▸ REQUIRED WORK
Drop the images, then output the listing exactly.

++++ INFORMATION SUPPLIED

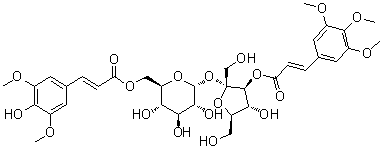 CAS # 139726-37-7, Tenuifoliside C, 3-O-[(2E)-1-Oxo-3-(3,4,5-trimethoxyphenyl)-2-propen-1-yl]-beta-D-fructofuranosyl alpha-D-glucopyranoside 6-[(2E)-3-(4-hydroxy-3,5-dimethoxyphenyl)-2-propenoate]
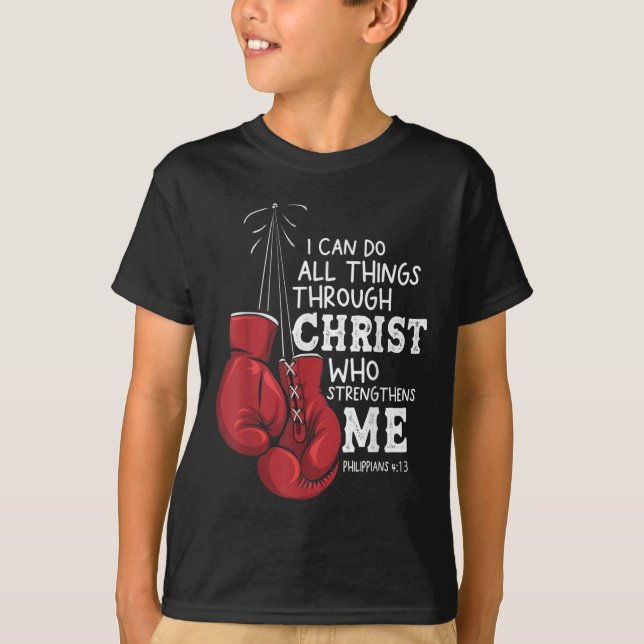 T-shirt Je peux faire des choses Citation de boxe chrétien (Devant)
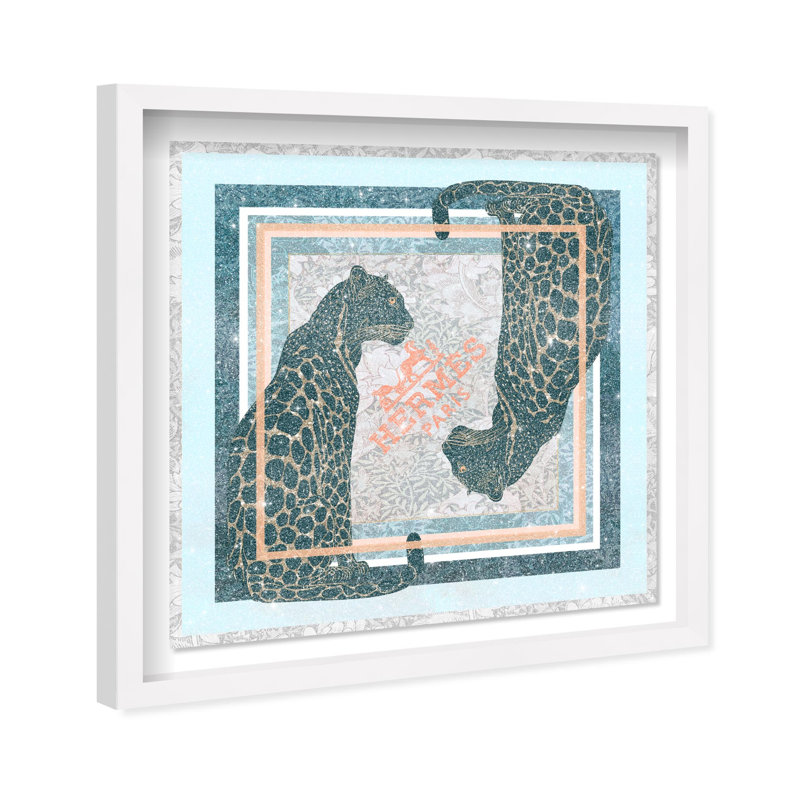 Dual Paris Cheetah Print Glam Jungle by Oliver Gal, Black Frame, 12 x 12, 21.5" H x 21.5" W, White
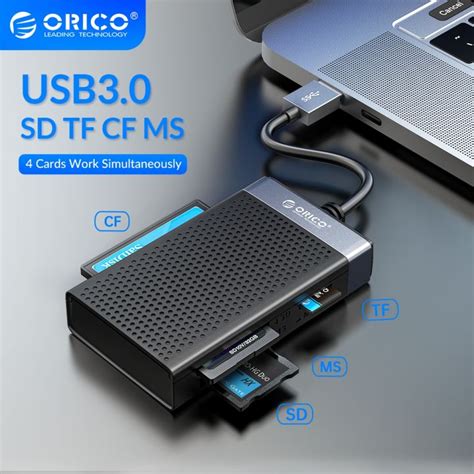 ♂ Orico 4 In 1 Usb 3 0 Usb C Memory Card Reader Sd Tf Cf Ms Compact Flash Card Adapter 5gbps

++++++++

▸ RESULT OF THE TASK
 CAS # 139726-37-7, Tenuifoliside C, 3-O-[(2E)-1-Oxo-3-(3,4,5-trimethoxyphenyl)-2-propen-1-yl]-beta-D-fructofuranosyl alpha-D-glucopyranoside 6-[(2E)-3-(4-hydroxy-3,5-dimethoxyphenyl)-2-propenoate]
 T-shirt Je peux faire des choses Citation de boxe chrétien (Devant)
 Dual Paris Cheetah Print Glam Jungle by Oliver Gal, Black Frame, 12 x 12, 21.5" H x 21.5" W, White
 ♂ Orico 4 In 1 Usb 3 0 Usb C Memory Card Reader Sd Tf Cf Ms Compact Flash Card Adapter 5gbps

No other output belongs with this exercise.